Juric, pur con tutti i difetti del caso, ha preso in mano un Torino reduce da due anni orribili con tanto di retrocessione sfiorata e varie umiliazioni (vedi gli 0-7 contro Atalanta e Milan, o i poker subiti a Lecce o a La Spezia), lo ha riassestato e ne ha valorizzato alcuni elementi, su tutti Bremer venduto a peso d’oro ai vicini di casa e Alessandro Buongiorno, torinese e torinista per cui i tifosi granata dovranno patire quest’estate gli assalti delle big italiane e non solo. Dell’operato di Juric, tirando le somme, rimangono però i numeri ed i piazzamenti in classifica, i quali potrebbero recitare per il terzo anno di fila “decimo posto”, sinonimo di un elettrocardiogramma piatto dove la sensazione è che non compaiano picchi negativi né positivi.

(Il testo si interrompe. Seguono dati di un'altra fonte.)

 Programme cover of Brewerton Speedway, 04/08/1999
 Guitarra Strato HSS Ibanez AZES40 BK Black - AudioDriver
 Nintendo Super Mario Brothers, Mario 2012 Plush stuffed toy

Dulcis in fundo, sono giunte le difficoltà per il tifo organizzato granata che da inizio marzo ha deciso di non esporre più striscioni e bandiere nella mitica Curva Maratona, a seguito di una pioggia di Daspo (surreali per le cause della condanna) che ha ulteriormente mutilato una curva già ferita nel profondo dalla gestione Cairo.
Eccola, allora, l’ennesima stagione “da Toro” (quello targato Cairo, naturalmente), l’ennesimo anno angusto in cui lo spleen l’ha fatta da leit-motiv. Probabilmente Baudelaire era del Toro prima che il Toro nascesse, o comunque sarebbe stato granata se fosse stato un nostro contemporaneo. Una magra consolazione in un mare di tristezza senza fine.